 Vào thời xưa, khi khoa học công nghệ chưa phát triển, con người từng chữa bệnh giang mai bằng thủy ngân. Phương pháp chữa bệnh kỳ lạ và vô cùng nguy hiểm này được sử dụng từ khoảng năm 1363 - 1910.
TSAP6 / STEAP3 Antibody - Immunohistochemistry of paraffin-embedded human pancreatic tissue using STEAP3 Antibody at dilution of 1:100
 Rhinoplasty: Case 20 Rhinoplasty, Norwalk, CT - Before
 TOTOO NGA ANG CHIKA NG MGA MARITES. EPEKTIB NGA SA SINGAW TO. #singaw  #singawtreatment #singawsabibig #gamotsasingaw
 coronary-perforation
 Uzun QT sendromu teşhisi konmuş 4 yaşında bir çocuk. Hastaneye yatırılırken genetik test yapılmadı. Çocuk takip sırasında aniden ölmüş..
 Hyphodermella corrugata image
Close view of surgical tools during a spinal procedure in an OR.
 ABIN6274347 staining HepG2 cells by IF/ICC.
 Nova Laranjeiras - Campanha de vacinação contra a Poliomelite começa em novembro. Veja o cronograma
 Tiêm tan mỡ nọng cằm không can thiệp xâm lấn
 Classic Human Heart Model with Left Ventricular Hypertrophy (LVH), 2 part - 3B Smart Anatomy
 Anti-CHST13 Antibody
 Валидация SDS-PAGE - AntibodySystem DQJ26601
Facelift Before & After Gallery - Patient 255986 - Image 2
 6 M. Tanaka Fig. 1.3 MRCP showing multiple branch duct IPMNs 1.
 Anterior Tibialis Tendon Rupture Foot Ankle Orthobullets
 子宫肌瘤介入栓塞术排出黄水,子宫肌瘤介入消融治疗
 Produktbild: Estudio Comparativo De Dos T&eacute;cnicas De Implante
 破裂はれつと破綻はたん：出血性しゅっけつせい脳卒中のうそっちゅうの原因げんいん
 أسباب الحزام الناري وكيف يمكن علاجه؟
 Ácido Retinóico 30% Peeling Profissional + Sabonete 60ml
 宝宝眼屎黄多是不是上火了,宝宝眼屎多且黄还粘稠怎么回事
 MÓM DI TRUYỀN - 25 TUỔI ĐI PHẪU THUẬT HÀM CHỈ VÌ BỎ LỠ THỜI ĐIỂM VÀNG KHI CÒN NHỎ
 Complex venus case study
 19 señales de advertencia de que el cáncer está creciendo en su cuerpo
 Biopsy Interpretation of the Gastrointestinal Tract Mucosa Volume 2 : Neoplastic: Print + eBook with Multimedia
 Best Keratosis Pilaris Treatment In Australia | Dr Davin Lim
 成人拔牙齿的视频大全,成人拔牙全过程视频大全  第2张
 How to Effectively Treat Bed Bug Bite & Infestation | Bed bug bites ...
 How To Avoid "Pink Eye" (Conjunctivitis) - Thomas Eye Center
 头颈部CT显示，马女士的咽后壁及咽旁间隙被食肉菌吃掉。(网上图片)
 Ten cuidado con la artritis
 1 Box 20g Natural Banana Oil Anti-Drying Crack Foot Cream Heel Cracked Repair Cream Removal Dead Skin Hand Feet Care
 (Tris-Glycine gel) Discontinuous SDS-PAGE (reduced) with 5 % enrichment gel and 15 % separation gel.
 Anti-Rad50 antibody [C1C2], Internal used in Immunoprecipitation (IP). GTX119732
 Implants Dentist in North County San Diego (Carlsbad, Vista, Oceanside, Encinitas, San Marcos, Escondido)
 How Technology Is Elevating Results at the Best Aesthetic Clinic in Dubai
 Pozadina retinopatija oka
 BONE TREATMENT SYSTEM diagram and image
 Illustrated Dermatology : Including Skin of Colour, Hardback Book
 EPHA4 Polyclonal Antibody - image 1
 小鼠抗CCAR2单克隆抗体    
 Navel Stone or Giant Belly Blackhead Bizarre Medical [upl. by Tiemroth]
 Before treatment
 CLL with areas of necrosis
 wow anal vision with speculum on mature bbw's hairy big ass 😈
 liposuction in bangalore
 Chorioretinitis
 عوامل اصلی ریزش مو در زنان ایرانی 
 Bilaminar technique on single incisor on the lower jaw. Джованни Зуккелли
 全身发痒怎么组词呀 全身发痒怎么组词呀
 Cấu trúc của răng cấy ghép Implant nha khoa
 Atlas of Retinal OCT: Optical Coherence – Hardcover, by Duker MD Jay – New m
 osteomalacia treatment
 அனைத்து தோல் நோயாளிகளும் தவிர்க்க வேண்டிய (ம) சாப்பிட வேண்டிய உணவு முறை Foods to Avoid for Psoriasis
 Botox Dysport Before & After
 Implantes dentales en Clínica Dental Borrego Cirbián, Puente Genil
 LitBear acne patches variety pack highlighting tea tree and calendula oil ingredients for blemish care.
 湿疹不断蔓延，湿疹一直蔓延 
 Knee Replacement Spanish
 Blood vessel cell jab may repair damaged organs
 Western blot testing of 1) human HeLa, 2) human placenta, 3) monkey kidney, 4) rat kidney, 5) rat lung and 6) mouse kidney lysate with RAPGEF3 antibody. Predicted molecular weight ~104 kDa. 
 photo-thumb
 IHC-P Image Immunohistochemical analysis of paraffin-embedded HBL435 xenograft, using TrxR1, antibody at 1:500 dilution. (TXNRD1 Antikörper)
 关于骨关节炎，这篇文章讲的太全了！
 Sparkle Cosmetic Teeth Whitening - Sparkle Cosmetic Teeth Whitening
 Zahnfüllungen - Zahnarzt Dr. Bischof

________

_AIM OF THE EXERCISE_: The lines above that include "Best" should each be listed.

_TASK RESULT_:
 Best Keratosis Pilaris Treatment In Australia | Dr Davin Lim
 How Technology Is Elevating Results at the Best Aesthetic Clinic in Dubai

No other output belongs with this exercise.